Tax Analysts Blog

Want Bad Tax Policy? Here's a Blueprint

Posted on Jan 7, 2015

Washington Gov. Jay Inslee recently released his proposed budget. It illustrates a lot of what is wrong with tax policy in the states. The governor wants to raise taxes by $1.4 billion over the next two years. Conservatives may think this is terrible -- and it is. But the problem is how Inslee wants to raise the new revenue. He wants to impose a 7 percent capital gains tax on a narrow band of Washington residents. Specifically, he wants to impose the tax from the earnings sales of stocks, bonds, and other assets above $25,000 for individuals and $50,000 for those filing jointly. It would affect "only" an estimated 32,000 people who live in Washington.

Governments around the world are reducing their taxes on capital -- the District of Columbia did it last week! Yet Inslee would like to impose one. Why? The state needs the money, and the tax will raise nearly $800 million a year. The state needs the money -- isn't that what drug dealers and bank robbers say when asked why they do what they do?

Taxing mobile capital in a world economy is a dumb idea. But from what I understand, the Democrats in Washington will try to take advantage of the argument that the burden would fall on a tiny percentage of the state's population. There is nothing like taxing a small number of people to get money to purportedly help the masses. But such tactics illustrate all that is wrong with big government. If the services provided by Washington are so important, why aren't they funded with broad-based taxes? I will tell you why: Because nobody would want to pay. The sham is the promise of government goodies without any responsibility for paying. I note that not too long ago, the people of Washington rejected adoption of an income tax that would fall only on those making more than $400,000. People often see through the sham.

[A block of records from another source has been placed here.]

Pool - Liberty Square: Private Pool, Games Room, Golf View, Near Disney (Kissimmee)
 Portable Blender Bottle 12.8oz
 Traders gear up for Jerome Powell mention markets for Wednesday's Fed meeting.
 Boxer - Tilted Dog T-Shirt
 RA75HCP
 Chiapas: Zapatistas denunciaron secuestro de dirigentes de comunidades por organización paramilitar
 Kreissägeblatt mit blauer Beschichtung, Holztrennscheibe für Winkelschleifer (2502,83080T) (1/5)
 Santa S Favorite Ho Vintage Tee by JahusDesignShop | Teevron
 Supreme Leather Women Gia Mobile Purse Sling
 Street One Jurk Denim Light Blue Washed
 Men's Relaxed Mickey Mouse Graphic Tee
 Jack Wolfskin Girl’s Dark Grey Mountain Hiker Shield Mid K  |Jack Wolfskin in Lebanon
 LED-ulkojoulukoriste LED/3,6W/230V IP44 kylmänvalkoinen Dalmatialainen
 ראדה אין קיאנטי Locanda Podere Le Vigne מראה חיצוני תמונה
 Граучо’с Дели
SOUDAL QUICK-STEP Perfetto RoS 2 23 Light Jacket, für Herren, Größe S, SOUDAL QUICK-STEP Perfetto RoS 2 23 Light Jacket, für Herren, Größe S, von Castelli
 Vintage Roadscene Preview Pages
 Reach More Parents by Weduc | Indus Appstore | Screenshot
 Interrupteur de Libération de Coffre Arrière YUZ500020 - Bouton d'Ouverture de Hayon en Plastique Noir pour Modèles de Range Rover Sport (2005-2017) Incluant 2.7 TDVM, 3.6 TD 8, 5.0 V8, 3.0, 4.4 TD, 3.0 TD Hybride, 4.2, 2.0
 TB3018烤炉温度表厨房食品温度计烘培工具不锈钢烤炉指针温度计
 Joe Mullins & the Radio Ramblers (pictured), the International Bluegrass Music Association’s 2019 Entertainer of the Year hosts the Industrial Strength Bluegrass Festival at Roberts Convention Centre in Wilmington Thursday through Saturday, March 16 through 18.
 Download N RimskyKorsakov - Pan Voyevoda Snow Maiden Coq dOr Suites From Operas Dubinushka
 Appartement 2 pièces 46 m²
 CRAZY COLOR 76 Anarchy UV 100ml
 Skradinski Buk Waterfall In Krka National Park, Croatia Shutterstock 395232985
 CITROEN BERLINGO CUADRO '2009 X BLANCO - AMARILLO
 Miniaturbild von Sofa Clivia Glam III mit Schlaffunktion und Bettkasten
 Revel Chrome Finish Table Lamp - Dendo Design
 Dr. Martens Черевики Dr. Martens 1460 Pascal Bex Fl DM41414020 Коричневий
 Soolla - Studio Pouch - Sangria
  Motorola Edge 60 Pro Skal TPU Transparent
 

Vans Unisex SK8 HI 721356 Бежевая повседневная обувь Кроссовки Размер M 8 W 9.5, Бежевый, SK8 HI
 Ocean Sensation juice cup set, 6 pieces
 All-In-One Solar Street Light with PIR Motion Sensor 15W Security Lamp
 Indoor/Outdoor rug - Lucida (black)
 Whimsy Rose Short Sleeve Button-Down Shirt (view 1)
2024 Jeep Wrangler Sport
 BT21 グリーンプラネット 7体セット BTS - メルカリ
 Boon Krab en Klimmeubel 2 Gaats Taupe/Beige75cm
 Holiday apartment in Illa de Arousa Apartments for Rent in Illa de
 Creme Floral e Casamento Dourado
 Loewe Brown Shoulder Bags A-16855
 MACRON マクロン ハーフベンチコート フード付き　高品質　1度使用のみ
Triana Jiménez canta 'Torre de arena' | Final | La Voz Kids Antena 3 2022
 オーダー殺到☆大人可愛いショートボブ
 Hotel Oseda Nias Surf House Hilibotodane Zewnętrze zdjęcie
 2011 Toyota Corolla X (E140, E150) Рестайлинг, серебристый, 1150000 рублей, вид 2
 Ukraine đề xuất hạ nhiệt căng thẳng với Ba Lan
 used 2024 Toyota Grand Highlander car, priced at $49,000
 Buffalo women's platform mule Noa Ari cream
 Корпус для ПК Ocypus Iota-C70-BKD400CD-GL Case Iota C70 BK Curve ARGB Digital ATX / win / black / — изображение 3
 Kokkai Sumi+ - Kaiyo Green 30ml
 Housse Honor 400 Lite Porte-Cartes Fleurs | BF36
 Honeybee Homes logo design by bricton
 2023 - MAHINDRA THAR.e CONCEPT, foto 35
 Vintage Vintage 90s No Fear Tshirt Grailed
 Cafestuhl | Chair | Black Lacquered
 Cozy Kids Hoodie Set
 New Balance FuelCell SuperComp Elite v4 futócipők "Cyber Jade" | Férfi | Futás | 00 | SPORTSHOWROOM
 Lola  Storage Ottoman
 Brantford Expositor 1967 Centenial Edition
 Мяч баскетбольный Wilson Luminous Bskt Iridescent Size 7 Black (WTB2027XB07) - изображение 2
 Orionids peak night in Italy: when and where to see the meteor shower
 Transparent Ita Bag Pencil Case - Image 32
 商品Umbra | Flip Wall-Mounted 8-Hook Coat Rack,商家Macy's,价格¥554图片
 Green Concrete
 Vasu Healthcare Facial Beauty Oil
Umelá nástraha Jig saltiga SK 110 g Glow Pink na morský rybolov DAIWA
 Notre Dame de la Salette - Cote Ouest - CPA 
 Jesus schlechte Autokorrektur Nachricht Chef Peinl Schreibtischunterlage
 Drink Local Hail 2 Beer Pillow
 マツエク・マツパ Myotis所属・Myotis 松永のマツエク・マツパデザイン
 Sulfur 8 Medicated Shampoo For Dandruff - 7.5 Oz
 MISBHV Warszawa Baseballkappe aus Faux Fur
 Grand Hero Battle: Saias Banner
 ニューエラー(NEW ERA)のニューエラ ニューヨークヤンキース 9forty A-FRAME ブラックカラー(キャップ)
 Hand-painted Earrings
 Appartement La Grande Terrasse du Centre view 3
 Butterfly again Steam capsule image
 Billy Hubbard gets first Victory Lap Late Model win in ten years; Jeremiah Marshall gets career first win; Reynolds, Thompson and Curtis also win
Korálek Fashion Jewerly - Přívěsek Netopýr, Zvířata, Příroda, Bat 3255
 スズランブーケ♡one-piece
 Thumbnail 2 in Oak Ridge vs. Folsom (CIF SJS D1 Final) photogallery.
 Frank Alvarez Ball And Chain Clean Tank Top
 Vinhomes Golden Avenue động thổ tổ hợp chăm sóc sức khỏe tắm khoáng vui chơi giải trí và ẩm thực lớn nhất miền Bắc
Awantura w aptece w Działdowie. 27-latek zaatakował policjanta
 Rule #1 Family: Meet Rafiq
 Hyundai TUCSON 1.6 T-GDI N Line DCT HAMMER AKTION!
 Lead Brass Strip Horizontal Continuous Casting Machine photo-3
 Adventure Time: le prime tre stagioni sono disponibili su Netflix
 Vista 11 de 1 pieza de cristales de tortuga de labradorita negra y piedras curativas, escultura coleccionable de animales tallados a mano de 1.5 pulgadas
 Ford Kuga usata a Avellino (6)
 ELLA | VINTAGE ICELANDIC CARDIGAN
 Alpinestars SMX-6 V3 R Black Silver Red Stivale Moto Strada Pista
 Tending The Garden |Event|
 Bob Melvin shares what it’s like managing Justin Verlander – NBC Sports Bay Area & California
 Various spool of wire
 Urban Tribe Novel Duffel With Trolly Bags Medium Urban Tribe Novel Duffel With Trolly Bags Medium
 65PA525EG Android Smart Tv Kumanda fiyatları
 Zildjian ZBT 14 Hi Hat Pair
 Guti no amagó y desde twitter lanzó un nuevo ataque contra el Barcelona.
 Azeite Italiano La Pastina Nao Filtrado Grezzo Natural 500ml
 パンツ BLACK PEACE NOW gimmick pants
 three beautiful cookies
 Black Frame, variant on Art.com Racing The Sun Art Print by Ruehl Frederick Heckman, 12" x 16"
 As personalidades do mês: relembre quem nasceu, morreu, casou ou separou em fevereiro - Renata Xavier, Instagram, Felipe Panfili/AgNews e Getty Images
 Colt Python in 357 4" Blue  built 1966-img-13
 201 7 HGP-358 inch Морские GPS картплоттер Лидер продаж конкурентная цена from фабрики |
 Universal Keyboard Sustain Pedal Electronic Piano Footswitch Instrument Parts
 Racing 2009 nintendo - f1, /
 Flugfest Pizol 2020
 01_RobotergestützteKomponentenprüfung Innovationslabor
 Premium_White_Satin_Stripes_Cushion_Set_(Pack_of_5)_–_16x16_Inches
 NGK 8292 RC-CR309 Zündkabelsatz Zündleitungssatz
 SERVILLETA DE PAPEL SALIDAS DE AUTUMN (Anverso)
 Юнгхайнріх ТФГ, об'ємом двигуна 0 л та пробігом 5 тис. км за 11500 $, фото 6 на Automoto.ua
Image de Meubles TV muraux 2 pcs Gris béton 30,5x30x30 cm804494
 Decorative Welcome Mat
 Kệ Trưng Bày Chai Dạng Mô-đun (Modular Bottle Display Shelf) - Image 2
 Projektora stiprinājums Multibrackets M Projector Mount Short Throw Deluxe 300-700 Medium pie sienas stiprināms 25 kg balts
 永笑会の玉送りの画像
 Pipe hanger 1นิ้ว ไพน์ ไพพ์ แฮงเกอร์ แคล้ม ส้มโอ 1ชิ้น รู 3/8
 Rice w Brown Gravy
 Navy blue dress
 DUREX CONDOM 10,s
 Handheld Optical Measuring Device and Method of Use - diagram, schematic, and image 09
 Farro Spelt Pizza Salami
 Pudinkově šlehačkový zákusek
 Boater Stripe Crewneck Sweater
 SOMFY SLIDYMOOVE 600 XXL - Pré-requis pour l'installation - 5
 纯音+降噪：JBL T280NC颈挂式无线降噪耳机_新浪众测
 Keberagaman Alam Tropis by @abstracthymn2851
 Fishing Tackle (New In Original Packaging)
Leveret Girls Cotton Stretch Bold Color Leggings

Inslee's cynical approach to who pays goes further. He wants to raise the cigarette tax by 50 cents a pack -- to a whopping $3.52 a pack. Why? He needs the money. No one opposes cigarette taxes, because smoking is bad for you and liberals who purportedly care about regressive taxes don't really care about poor people who smoke. The money will be used for all kinds of good things enjoyed by nonsmokers, so it is a win. Of course, it will lead to more smuggling and black-market sales of cigarettes, which will lead to stronger police action. I can't wait.

Just so we aren't confused about motivation, the cigarette tax increase has nothing to do with health. Inslee is also proposing a new excise tax on e-cigarettes and vapor products at 95 percent of the taxable sales price. Yes, 95 percent of the taxable sales price. If the government cared about the health of the poor, it would be subsidizing e-cigarettes. All indications are they are not remotely as dangerous as the real thing. Think of the money we would save on smoking-related Medicare and Medicaid costs. But you would have to care about the poor to think in those terms.

But there is more bad tax policy. Inslee would like to extend tax breaks for the biotechnology and environmental technology industries. You see, he wants people to invest in those industries -- then he can impose his capital gains tax when they sell their investments.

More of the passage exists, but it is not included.